We have made progress in international cooperation, including some of the examples that have already been discussed by other presenters, such as polar routes over Russia. There is also the commonality between the Global Positioning System and the Russian satellite system GLONASS; you can get common receivers that can operate with both systems, and discussions with European agencies about these systems are going on. We have also seen worldwide implementation of reduced vertical separation minima, by which the altitude requirements between aircraft is reduced. There are many other examples of cooperation across countries, and they are all, of course, good signs of progress. 

But there are still challenges that remain ahead of us, in the areas of policy, economics, coordination, and integration. I will give you just a few examples: 

  • Policy issues related to cyber attacks. How are we going to insure that virus attacks that originate in a rogue country do not spread all over the world?  
  • Policy issues related to individual privacy. In the U.S., this is a very hot political issue that is being debated right now. How much information can you gather about an individual? How much can you use?  
  • Cooperation and coordination in information sharing. I talked about this earlier, and Esther Dyson mentioned the difficulty that the FBI and the CIA in the U.S. are having regarding information sharing.
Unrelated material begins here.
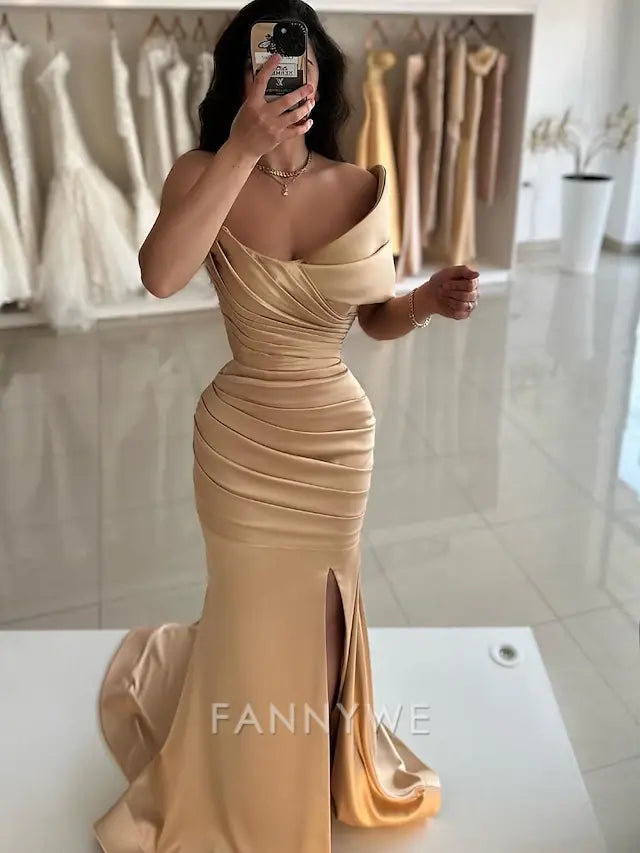 FannyWe Simple Mermaid Prom Dresses Elegant Dress Formal Prom Floor Length Sleeveless Off Shoulder Satin with Ruched Slit Masquerade Dress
It is not only within a particular country, but across countries as well. Whether you call it interfacing, integrating, or interoperability, the end result is the same. Different systems need to work together, to be able to talk to each other. We need to cooperate and coordinate across boundaries, whether they represent different agencies or different nations.  
  • Funding. We cannot forget that everything comes back to money. How are we going to be able to fund the paths we choose? We have to talk about that. We also have to talk about how government and the business sector, the military and the civil sectors are going to partner on funding issues.  


I would like to leave you with a special challenge before I summarize. The special challenge is to close the "knowing-doing gap." It is necessary to know what to do, but that is not enough, because doing is what matters. 

Remember the engineer and the mathematician and the scientist? All of them knew what had to be done, but the engineer is the one who did it. The point is that, at this workshop, where we have heard from political leaders and from military leaders, everyone knows what needs to be done. But now we need to do it. 

Sometimes the simplistic approach is best when you have to do something big; you start by taking the first step. I think we need to collectively define what that first step is, and also who is going to take it. That will move us forward much more than knowing in detail what needs to be done over the next 15 years. 


In conclusion, I would like to say that aviation has always been and always will be global. There are no visible state boundaries at 33,000 feet, and you do not pass a checkpoint that says you are now entering such and such a country. So threats to aviation are global, and solutions to those threats, involving technology, policy, procedures, and people, must also be global. This requires, more than ever before, coordination and cooperation between agencies of a particular country as well as among organizations across country boundaries. It also requires closing the "knowing-doing gap."